How Will The New Patriarch Be Selected?

The following article, How Will The New Patriarch Be Selected, appeared in the Tuesday issue of the Serbian newspaper Politika (here):

Will the new head of the Serbian Orthodox Church be elected in the same apostolic fashion as Patriarch Pavle, by casting lots among three candidates? Even though the Constitution of the Serbian Orthodox Church (SOC) prescribes such a procedure this does not exclude the possibility that the electoral Holy Hierarchical Assembly, which should meet before February 15, 2010, alters the manner in which the 45th patriarch is elected.

“It is difficult to say at this time how the new patriarch will be elected. The Constitution of the SOC cannot be changed without the patriarch but the possibility must not be ruled out that the bishops decide otherwise, since the Assembly [of bishops] is the highest ecclesiastic legislative power,” said one source from the SOC who wished to remain anonymous.

The electoral Assembly should be scheduled by the Holy Synod of Bishops which is presided by Metropolitan Amphilohije of Montenegro and the Coastlands. According to some suggestions, it is unlikely that the election of a new patriarch will be done before Christmas, January 7. There are also those in the SOC who think that the Assembly of Bishops might assemble around the feast of St. Sava, January 27.

Member of the Holy Synod, Bishop Irinej of Nis, thinks that there is no reason to rush and that the election of the new head of the Church can be done at the Spring session of the Assembly of Bishops in May of 2010.

“The canons specifically state that the patriarch’s throne can remain vacant three months at the most. Only irregular political conditions in the place where the elected patriarch would eventually be are able to justify a change in the date of conducting the electoral Sabor,” says Dr. Miodrag M. Petrovic, an expert in church law.

This canonist is not certain which system will be used in electing the new head of the SOC and says that it depends on the  Holy Synod, which will prepare the electoral church assembly. “It would be best for them to apply the apostolic system of the casting of lots,” says our source.

Since the re-establishing of the Patriarchate in 1920 and until 1958, five heads of the SOC, Dimitrije, Varnava, Gavrilo, Vikentije and German were elected by a majority of votes of the electoral assembly. After WWII, with the change of the regime, the Communists began interfering more in the work of the SOC. In order for the election of the successor of the throne of St. Sava to be stripped of outside influence, Patriarch German suggested at a special assembly held on September 14 and 15, 1967 a change in the manner the head of the SOC was elected, which the bishops accepted.

Article 42 and 43 of the Constitution of the SOC were changed at that time and the apostolic practice of election was accepted with which Patriarch Pavle was elected on December 1, 1990.

This method of selection requires that the Assembly, in which at least two-thirds of the bishops are present, votes using secret ballots and, with an absolute majority, elects three candidates.  When the names of the three candidates are obtained, they are placed in sealed envelopes.
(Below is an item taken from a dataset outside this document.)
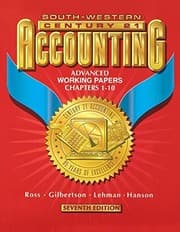 Tapa de Century 21 Accounting 7E Advanced Course - Working Papers - Chapters 1-11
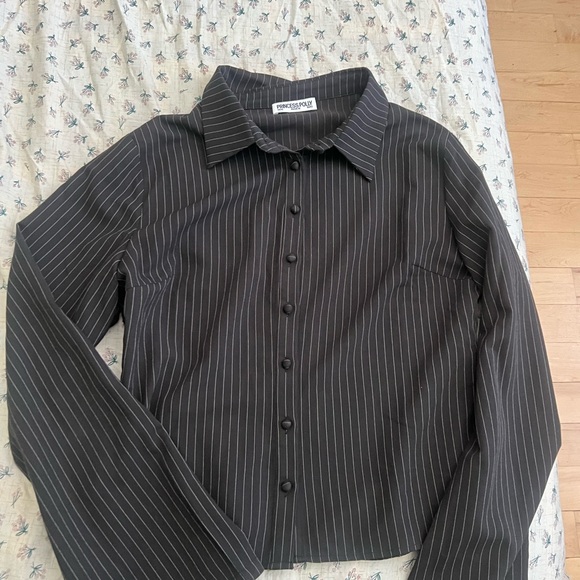 Princess Polly Other - Princess Polly Charcoal Pinstripe Button-Down Shirt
After prayers in the Chapel of St. Symeon the Myrhh-flowing usually one of the senior, venerable abbots, in the case of Patriarch Pavle it was Archimandrite Antonije from Monastery Tronosa, shuffles the envelopes, pulls one out and gives it to the chairperson of the Assembly who opens it and reads the name of the new patriarch.

However, this method of election was not favored by everyone and they wished to simplify it, modeling it after the practice of the other Orthodox churches, which opens the possibility for various lobbying and outside influence. Thus the Spring session of the Assembly held on May 17, 2000 decided on a new regulation regarding the election of the patriarch. Even though these changes to Articles 42 and 43 of the Constitution of the SOC were never publicly presented, it is known that the apostolic practice of election has been abandoned.  At the Spring session of the Assembly of Bishops in 2005 this decision was repealed and the apostolic practice of election, from September 15, 1967, was once again returned.

Regarding these changes from 2005 Bishop Vasilije of Srem wrote once:  “This was done so that, in returning to the ancient evangelical manner of election of the patriarch, the Church might preserve her dignity from possible outside influence. Namely, election by the casting of lots was originally the Biblical, New Testament, way with which the Lord God, knowing the heart of each candidate, his spiritual and moral level, shows him worthy of this great Service (Acts 2:24).”